* EXERCISE INSTRUCTIONS
Reproduce the data exactly as given, except for any images.

____ INFORMATION SUPPLIED

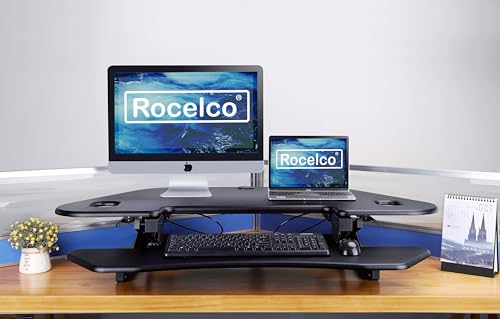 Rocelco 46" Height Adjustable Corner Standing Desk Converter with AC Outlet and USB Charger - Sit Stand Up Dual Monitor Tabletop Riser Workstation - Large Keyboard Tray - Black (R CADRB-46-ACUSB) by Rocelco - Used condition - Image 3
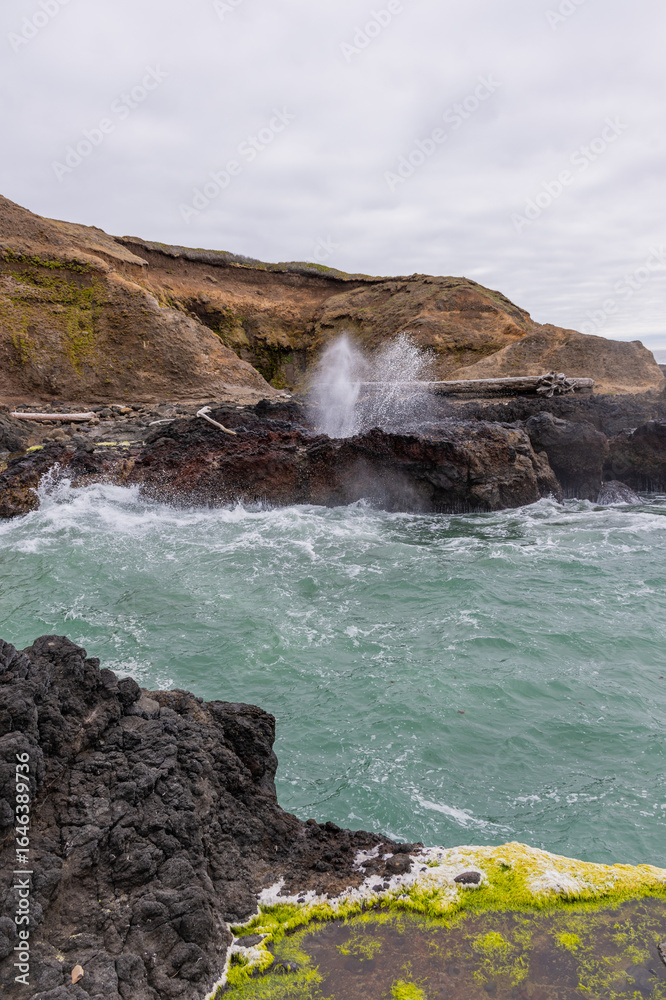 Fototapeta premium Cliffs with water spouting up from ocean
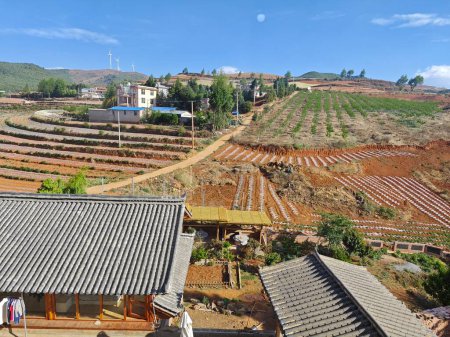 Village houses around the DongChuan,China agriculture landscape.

________

* ANSWER SPACE
 Rocelco 46" Height Adjustable Corner Standing Desk Converter with AC Outlet and USB Charger - Sit Stand Up Dual Monitor Tabletop Riser Workstation - Large Keyboard Tray - Black (R CADRB-46-ACUSB) by Rocelco - Used condition - Image 3
 Fototapeta premium Cliffs with water spouting up from ocean
 Village houses around the DongChuan,China agriculture landscape.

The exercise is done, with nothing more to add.